7. SMILES Toolkit: Molecules

Back to Table of Contents

A molecule object represents the atoms, bonds, cycles and chiral centers of a molecule. Because it is such a fundamental object in computational chemistry, there are more functions that operate on molecules than any other object. One can:

  • Produce a molecule from a SMILES string.
  • Produce a SMILES string or a unique SMILES string from a molecule.
  • Build a molecule "from scratch" using functions to create an empty molecule, then adding atoms and bonds.
  • Add and delete atoms and bonds.
  • Change the properties of atoms and bonds.
  • Test for aromaticity of a molecule, atom, or bond. Aromaticity is determined automatically for Kekulé structures.
  • Find symmetry classes for atoms.
  • Tests for and set chiral features.
  • Generate streams of the atoms, bond, and cycles of a molecule, and streams of atoms of a cycle, bonds of a cycle, and so forth.

7.1 Creating Molecules

There are two ways to create a molecule object: "From scratch" (allocate an empty molecule), and by parsing a SMILES string:
dt_alloc_mol() => molecule
Returns a new, empty molecule.

dt_smilin(string smiles) => molecule
Interprets the given SMILES string and return a handle for the resulting molecule structure.

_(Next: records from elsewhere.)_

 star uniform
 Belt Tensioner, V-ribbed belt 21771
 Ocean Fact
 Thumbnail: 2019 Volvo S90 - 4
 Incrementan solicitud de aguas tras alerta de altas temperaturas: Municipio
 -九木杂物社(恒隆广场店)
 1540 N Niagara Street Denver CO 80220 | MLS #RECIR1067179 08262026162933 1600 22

Efficiency Note: The Toolkit's internal representation of molecule objects is designed for efficient analysis of the molecule's properties, and for responding to queries about the molecule quickly. It is not intended to be a compact representation of the molecule, and uses many times more memory to store than a compact representation such as a SMILES string. Applications that require many thousands of molecules in memory simultaneously should use a more compact representation for those molecules that are not of immediate interest.

7.2 Constituents of a Molecule

These functions provide ways to enumerate (generate streams of) the atoms, bonds, cycles, and chiral features of molecules. Also included are two functions, dt_bond() and dt_xatom(), for accessing related constituents without the necessity of creating a stream.

dt_stream(Handle ob, integer typeval) => stream
Generate a stream of atoms, bonds or cycles -- a stream that contains all of the objects of the specified type that are part of the object.

Object can be a molecule, atom, bond or cycle. For example, a stream of dt_stream(bond, TYP_ATOM) returns the two atoms at either end of the bond; a stream of dt_stream(cycle, TYP_BOND) returns all the bonds that are part of the cycle.

Note: remember, dt_stream() is polymorphic -- it applies to other objects, too. Here, we are only discussing the molecule and its constituent parts.

dt_canstream(Handle object,Integer type, boolean iso, boolean addh) => stream
Allocates a stream of type 'type', in canonical order, for the molecule or reaction 'object'. Object can be a molecule, atom, bond or cycle.

dt_origstream(Handle object,Integer type) => stream
Returns a stream of objects in which the objects appear in "original" order. That is, dt_next() will return atoms in the same order as they appear in the original string used to create the object molecule via dt_smilin(), or in the order in which they were added to molecule using dt_addatom().

dt_bond(Handle at1, Handle at2) => bond
Returns the handle of the bond joining the two atoms.

dt_xatom(Handle a, Handle b) => atom
Return the atom that is across the bond b from the atom a.

dt_uid(Handle abc) => integer
Returns the unique id of an atom, bond or cycle within the containing molecule. A unique id is a smallish non-negative integer (i.e. it can be zero) that is guaranteed to not change for as long as the object abc exists. The intention is that unique id's, unlike handles, be reasonably dense; for this reason the uid makes a good array index but a handle does not. Note that unlike handles, uid's are only unique across a single containing object; for example, atoms from two different molecules may have the same uid.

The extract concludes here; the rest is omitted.